You can download a trial version if you're operating system is XP/Vista/Win 7/Win 8 all on either 32 or 64 bit.

Download the program to your computer, open it, connect the Android phone to the computer via the micro USB cable and follow the instructions on the Dr. Fone program. You can recover deleted SMS, MMS, photos (yes, this includes SnapChats), vids, and documents.

Not everything is recoverable because the operating system continues to overwrite the data so if you don't recover this data on a regular basis, you may miss some pieces...

But there are also many Android apps that store deleted files and texts, even some that allow you to download and HID the app (ex. ). 

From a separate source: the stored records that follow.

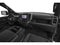 2027 RAM Ram 1500 RAM 1500 EXPRESS CREW CAB 4X4 5'7' BOX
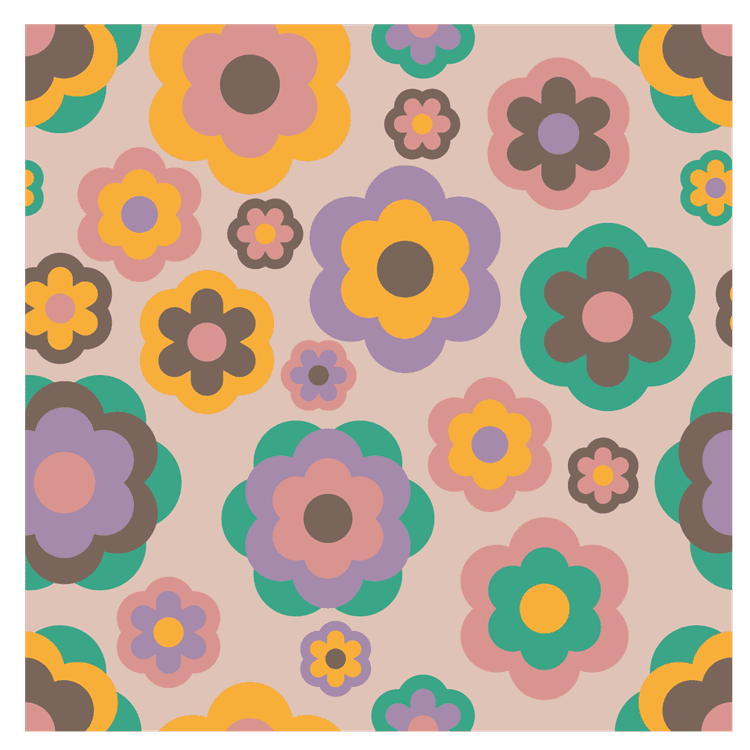 VK_Floral_Pattern_05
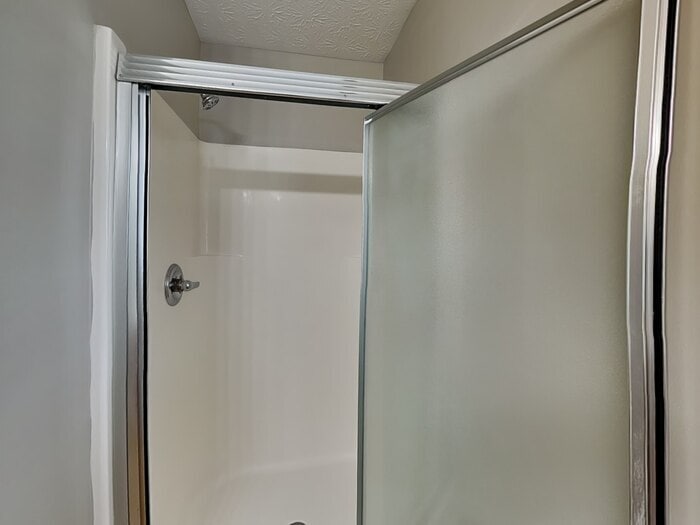 Building Photo - 2493 Grand Fir Dr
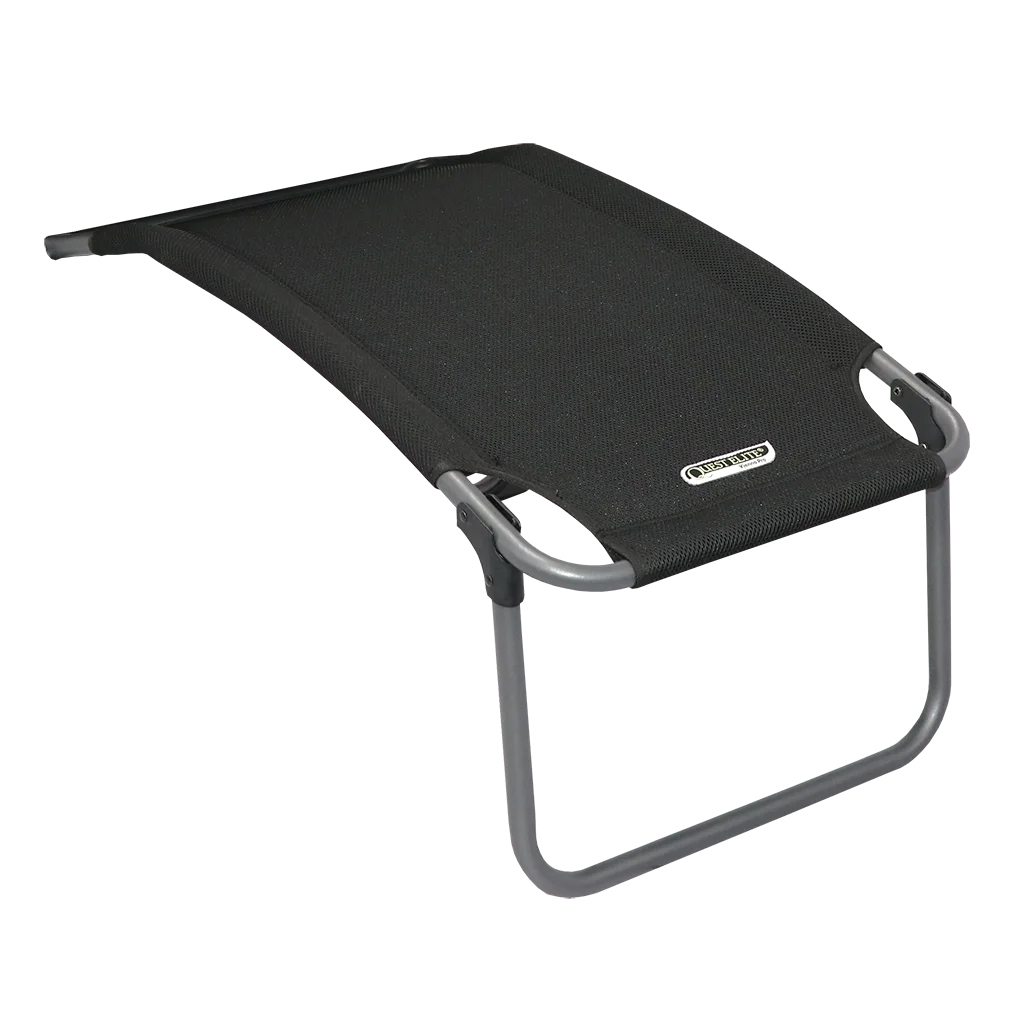 Quest Vienna Pro Leg Rest Extension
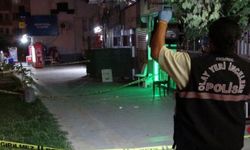 21 yaşındaki genç bıçaklı kavgada ağır yaralandı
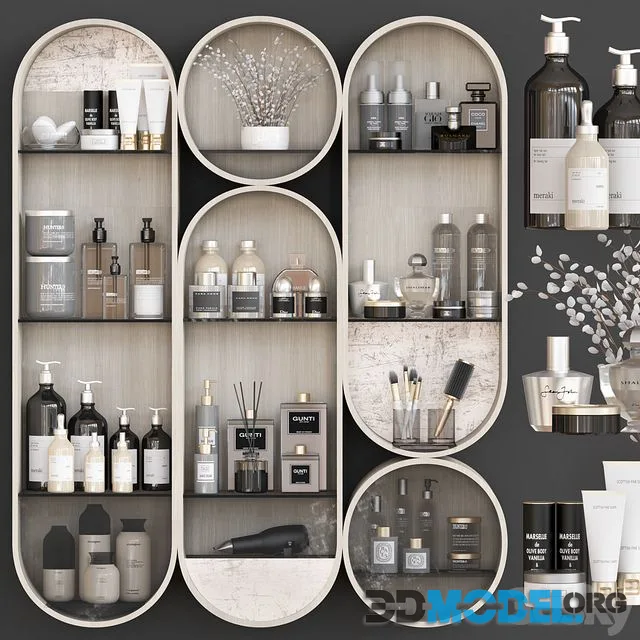 bathroomset_125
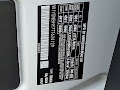 2026 Mercedes-Benz Sprinter 3500 Cargo 144 WB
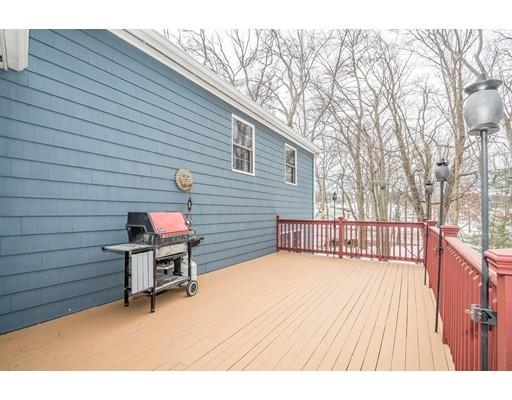91 Whittier Rd, Reading, MA 01867 photo 29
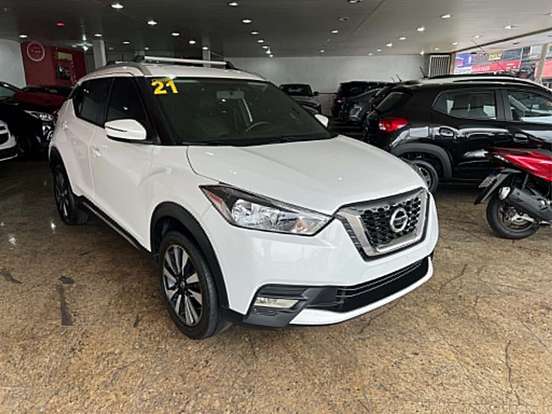 NISSAN-KICKS-2020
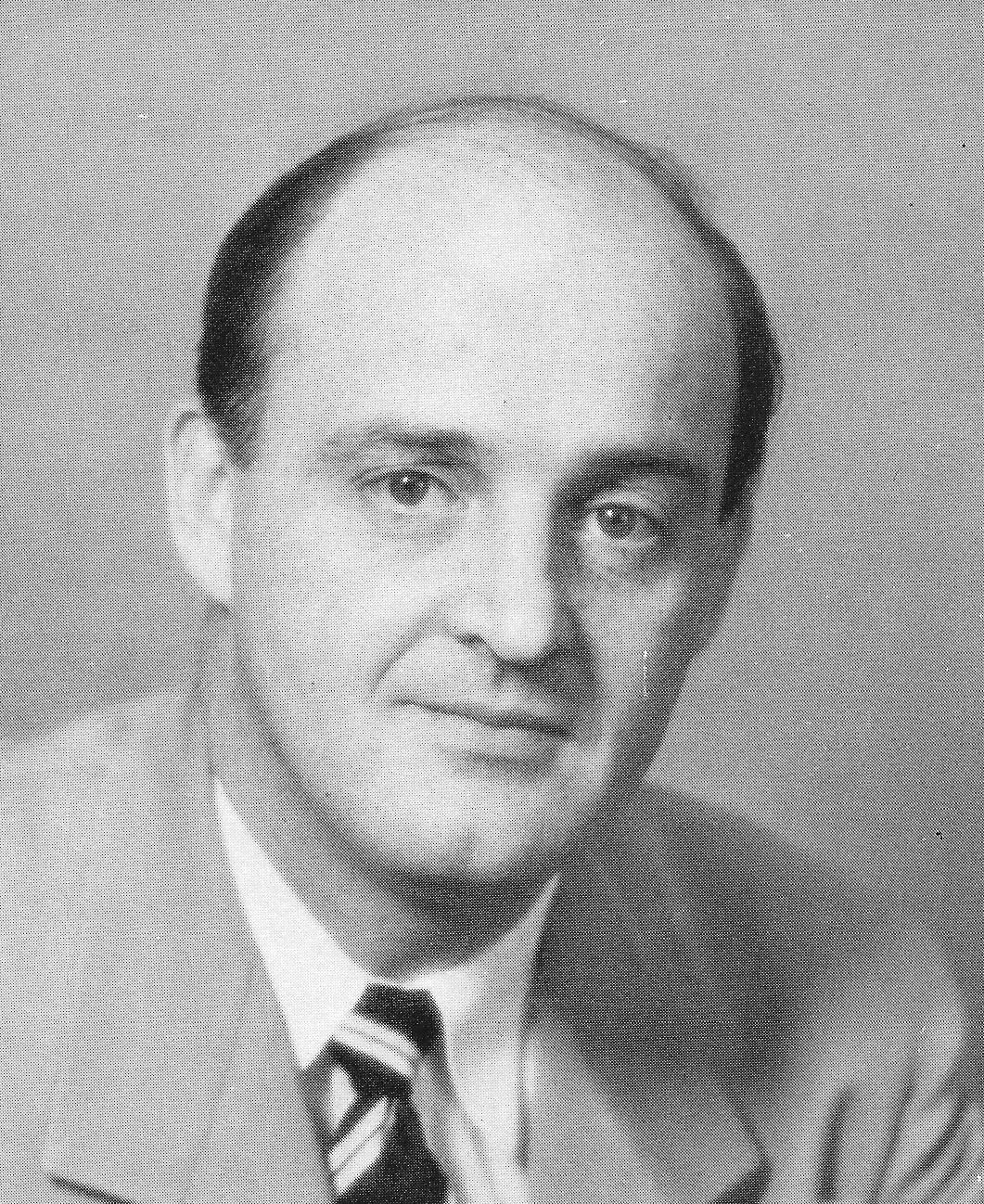 Osler Abbott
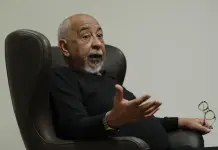 La visión de Leonardo Padura sobre La Habana y Cuba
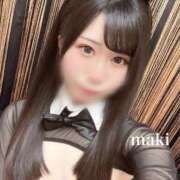 ヒメ日記 2025/06/02 17:25 投稿 まき 逆バニーメンズエステ とろとろオイルSPA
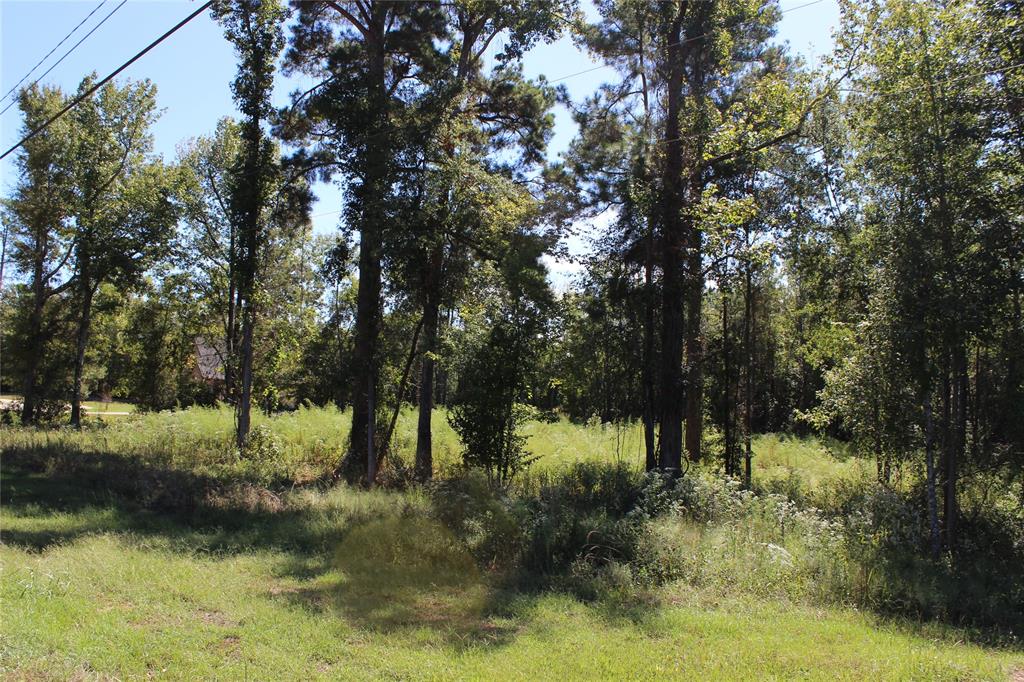 Norman Hills Sub Ph I - Land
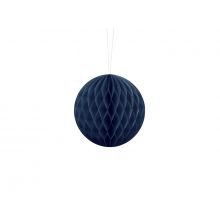 Wabenball Marine 30 cm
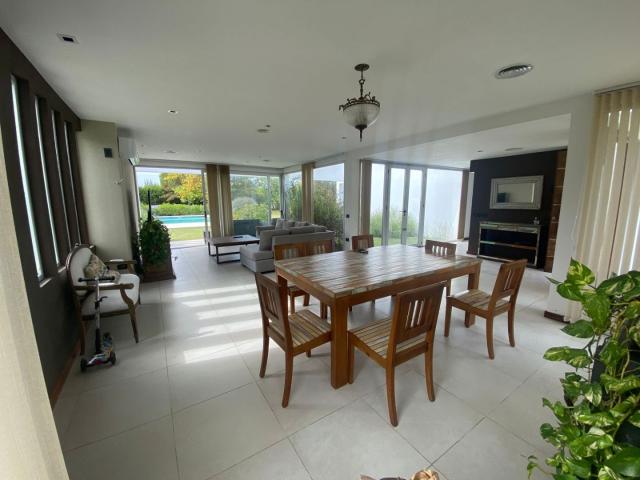 Casa EN VENTA en Inmomap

They are also in her Spotlight Search...don't even need to connect to a computer. All deleted texts are still held onto. Type in the contact TELEPHONE number and every text, even the deleted ones, will show up in the search.

IOS 7 from any home screen put your finger in the middle of the screen and swipe downward. Enter the telephone number and start reading the hits.

IOS 6 from the first home screen, swipe left, enter the telephone number and start reading the hits. 

Credit rodphoto 01162014 
After researching the web for countless hours about software to find deleted messages on my wife's iphone I figured out this super easy method.

From the home screen swipe left to right until the spotlight page appears. Its a screen with the key board at bottom and a box at the top that says "search iphone" type your typical search words, anything sexual etc... All past messeges containing the search word will appear on a list, deleted or not. You'll only get the first line but that is usually enough. Just busted my wife again doing this a few days ago!

Rugs: swipe left on your first page of the main menu.

"spotlight search" under settings -> general -> spotlight search has to show "messages" as ticked. 

Right here, right now: Taking screenshots on iOS devices -> hold down home button and press sleep button. The screenshot will be placed under your photo album.

Also there is an app to "stitch" messages like a panoramic photo, but only for iPad. go to app store and search "stitch". Damn it's 4 am. i need to go to bed. 

Note that this applies only to Spotlight Search in IOS 6 and lower. For IOS 7 running on Iphone 4 and 5, put your finger in the middle of any of the home screens and swipe downward. 

Type in the search string you want (telephone number, contact name, keyword, etc) and it will search every instance in the iPhone where that appears. 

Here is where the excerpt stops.